In randomized controlled trials, we expect the pretreatment covariates of the treatment and control groups to be similar except for the treatment itself. However, there will often be small imbalances in baseline covariates due to chance variation in treatment assignment, which can be addressed in multiple ways. One way to improve the precision of the treatment effect estimate would be to adjust for these imbalances during the analysis. Alternatively, it might be possible to balance covariates through the design of the experiment. For example, in paired experiments, participants are organized into pairs prior to treatment assignment, and then, one participant in each pair is randomly assigned to treatment. Ideally, the two participants in each pair would be as similar as possible.

Paired designs are commonly used when the sample size is small. For example, Pane et al. (2014) discuss a randomized trial involving schools in Texas testing the effectiveness of a computer program, the Cognitive Tutor Algebra 1 curriculum. In this trial, schools were organized into 22 pairs and then pair randomized.

While a paired design is often effective at balancing covariates between the treatment and control groups, it may still be helpful to make adjustments for remaining covariate imbalances. Similar situations can occur with other study designs; for example, covariate adjustments may be helpful in rerandomized trials (see Li & Ding, 2020). Perhaps in part because covariate balance is addressed through experimental design, covariate adjustment methods in paired experiments are relatively understudied. Covariate adjustment methods can be model-based or design-based (for a discussion, see Imai et al., 2009; Imbens, 2010). Model-based estimators have the potential to improve efficiency; however, incorrect modeling assumptions can result in bias and increased mean squared error. Design-based estimators rely only on randomization as the basis for inference, diminishing the concern of model misspecification. Hierarchical linear models (see Raudenbush & Bryk, 2002; Woltman et al., 2012) are an example of a model-based approach for blocked experiments including paired experiments. Pinheiro and Bates (2000) and Dixon (2016) note that hierarchical linear models are a common way to analyze blocked experiments. However, the use of such models requires one to make various modeling decisions, potentially raising concerns about model misspecification. For example, Dixon (2016) notes that there is some debate as to whether block effects should be modeled as fixed or random.

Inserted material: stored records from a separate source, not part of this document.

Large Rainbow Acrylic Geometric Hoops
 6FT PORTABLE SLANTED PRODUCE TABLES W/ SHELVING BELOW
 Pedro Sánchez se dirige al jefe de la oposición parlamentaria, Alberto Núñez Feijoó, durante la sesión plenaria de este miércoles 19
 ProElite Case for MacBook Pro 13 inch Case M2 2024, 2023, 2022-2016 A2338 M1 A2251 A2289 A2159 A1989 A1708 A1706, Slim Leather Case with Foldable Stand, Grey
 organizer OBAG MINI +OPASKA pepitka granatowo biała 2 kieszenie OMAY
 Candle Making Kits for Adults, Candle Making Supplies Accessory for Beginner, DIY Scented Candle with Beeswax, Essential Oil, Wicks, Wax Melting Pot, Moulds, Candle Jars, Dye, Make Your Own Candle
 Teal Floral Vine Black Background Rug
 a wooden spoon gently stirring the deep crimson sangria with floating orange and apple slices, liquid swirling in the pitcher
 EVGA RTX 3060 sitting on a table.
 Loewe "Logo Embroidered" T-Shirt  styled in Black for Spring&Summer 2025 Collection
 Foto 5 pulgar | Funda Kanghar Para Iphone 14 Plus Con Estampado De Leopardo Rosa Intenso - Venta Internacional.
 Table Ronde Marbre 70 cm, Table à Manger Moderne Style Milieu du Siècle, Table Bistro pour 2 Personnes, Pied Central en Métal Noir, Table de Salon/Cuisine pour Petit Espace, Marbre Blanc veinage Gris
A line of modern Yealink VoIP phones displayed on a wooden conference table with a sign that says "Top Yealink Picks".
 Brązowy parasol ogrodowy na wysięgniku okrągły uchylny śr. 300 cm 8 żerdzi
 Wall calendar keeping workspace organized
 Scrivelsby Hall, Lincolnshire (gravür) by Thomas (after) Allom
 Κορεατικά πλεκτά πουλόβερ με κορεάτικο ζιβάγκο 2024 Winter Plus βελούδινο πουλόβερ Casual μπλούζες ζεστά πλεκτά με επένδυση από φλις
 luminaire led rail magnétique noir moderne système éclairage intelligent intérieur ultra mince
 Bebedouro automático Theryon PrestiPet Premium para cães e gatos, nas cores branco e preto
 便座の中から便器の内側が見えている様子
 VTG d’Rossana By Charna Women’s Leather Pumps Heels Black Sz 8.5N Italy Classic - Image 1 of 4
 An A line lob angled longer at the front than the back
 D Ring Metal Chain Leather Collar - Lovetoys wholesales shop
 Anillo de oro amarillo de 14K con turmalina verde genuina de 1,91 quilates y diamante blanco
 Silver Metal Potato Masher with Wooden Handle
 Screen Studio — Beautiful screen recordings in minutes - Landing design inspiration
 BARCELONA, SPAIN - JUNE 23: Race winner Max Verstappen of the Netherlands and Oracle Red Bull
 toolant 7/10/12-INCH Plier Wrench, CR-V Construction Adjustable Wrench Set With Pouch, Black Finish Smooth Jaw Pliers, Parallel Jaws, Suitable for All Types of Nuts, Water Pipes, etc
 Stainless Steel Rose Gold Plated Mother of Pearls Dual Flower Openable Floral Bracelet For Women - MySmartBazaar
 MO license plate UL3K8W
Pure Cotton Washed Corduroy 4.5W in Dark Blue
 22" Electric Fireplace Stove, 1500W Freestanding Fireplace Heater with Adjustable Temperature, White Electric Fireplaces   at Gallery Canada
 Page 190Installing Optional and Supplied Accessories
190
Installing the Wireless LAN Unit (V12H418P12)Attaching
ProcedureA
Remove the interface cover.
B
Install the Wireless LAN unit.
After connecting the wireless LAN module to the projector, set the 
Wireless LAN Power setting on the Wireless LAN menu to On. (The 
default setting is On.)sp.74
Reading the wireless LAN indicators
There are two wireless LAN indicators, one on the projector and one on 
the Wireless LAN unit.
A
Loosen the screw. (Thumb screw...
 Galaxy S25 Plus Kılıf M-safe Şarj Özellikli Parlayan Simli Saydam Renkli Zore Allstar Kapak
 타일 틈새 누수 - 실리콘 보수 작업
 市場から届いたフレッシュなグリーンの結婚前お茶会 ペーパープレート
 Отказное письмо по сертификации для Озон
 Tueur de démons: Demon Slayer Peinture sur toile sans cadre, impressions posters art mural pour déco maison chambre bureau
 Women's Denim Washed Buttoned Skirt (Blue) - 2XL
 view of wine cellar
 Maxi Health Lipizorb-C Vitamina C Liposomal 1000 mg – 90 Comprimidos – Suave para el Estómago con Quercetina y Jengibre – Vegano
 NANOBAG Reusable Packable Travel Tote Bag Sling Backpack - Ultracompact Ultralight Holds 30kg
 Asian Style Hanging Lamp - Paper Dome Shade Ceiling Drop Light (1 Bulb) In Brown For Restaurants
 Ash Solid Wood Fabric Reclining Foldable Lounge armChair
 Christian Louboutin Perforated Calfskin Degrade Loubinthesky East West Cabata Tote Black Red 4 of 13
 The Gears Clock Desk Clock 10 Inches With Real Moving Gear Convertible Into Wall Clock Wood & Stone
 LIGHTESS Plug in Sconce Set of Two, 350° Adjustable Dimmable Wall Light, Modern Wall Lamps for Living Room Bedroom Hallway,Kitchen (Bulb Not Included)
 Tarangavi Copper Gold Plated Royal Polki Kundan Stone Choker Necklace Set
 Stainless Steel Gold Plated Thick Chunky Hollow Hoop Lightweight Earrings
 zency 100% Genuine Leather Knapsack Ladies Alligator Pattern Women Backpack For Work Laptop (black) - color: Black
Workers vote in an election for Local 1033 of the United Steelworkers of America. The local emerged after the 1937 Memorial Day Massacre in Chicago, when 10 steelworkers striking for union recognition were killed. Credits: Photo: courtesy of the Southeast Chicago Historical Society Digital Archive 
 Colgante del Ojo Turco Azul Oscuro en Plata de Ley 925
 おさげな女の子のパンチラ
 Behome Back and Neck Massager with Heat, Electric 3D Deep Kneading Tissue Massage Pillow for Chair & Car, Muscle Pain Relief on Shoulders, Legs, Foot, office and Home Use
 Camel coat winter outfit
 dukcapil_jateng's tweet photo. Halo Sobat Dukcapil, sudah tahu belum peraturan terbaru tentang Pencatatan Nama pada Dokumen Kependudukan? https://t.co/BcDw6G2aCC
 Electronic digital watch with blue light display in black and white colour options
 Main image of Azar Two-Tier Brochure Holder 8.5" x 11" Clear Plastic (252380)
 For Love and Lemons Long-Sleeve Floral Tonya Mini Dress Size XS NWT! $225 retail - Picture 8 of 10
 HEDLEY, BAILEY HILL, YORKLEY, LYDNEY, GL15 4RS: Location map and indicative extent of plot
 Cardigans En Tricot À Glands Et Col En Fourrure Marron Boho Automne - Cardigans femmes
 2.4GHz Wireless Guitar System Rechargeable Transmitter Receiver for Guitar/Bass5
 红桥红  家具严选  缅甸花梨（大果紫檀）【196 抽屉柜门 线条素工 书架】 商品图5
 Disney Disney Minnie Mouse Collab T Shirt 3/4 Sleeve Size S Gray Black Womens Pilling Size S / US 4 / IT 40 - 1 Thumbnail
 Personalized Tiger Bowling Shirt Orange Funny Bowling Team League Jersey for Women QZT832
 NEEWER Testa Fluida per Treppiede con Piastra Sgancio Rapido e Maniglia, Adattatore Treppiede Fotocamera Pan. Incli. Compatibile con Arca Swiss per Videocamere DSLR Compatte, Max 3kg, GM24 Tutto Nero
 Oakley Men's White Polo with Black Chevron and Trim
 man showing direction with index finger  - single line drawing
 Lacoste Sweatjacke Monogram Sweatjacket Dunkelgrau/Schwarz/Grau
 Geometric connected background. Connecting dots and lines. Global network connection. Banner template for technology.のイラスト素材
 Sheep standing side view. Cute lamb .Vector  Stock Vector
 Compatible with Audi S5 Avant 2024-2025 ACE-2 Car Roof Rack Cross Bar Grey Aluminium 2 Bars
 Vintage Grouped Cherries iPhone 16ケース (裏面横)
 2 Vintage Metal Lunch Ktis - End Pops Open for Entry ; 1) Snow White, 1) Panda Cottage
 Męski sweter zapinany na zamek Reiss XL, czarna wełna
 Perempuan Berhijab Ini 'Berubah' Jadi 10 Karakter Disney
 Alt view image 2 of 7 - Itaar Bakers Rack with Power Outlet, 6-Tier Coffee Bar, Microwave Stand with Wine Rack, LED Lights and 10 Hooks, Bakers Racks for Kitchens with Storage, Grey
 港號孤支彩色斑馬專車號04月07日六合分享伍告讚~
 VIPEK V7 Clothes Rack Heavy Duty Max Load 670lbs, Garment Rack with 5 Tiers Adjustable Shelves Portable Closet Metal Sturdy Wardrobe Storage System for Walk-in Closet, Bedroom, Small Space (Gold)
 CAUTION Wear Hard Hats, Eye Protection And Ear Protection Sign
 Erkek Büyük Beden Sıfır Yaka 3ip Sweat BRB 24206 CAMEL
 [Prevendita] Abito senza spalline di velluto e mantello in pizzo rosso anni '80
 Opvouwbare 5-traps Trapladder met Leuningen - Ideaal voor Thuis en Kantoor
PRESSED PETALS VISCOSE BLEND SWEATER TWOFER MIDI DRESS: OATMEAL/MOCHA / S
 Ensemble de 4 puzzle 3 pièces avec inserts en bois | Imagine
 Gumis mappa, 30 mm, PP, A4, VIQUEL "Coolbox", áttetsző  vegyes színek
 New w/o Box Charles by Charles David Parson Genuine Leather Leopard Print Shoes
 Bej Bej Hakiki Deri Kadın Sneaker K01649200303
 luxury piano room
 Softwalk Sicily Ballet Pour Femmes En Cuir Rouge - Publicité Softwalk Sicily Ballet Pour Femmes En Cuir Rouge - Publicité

As noted above, covariate adjustments in paired experiments are relatively understudied, and design-based methods are even more so. Imbens and Rubin (2015) and Fogarty (2018) discuss regression-based adjustments. Imbens and Rubin work under a superpopulation model, assuming that the pairs within the experiment are drawn at random from an infinite population, and focus on the population average treatment effect. Fogarty examines the use of regression adjustments in paired experiments under a design-based framework, building on the work of Freedman (2008) and Lin (2013), who discuss regression adjustments in completely randomized experiments. More recently, covariate adjustment methods have been proposed for completely randomized and Bernoulli randomized experiments that involve the use of sample splitting and machine learning methods to impute potential outcomes. These include Aronow and Middleton (2013), Wager et al. (2016), Chernozhukov et al. (2018), E. Wu and Gagnon-Bartsch (2018), Spiess (2018), and Rothe (2018). Some of these methods can be used in more general designs including blocked experiments, for example, Aronow and Middleton (2013). However, unlike the case of regression adjustments, there is not currently an analogue to these methods which is specifically for paired experiments.

In this article, we present an analogous approach to these machine learning methods for paired experiments. The method is design-based; however, it also allows for the use of models to improve performance. We leave out each pair and impute the potential outcomes using information from the remaining observations. This imputation can be done with any prediction method such as linear regression or random forests. Regardless of the imputation method, the resulting treatment effect estimate is unbiased and randomization is the basis for inference. This flexibility has several advantages. For example, one issue when making covariate adjustments is choosing which and how many covariates to use. We can address this issue by choosing an imputation method that allows for automatic variable selection. An alternative approach is to use targeted maximum likelihood estimation, which Moore and van der Laan (2009) note allows for automatic variable selection when making covariate adjustments. Balzer, Laan, et al. (2016) and Balzer, Petersen, et al. (2016) propose the use of targeted maximum likelihood estimation in paired experiments.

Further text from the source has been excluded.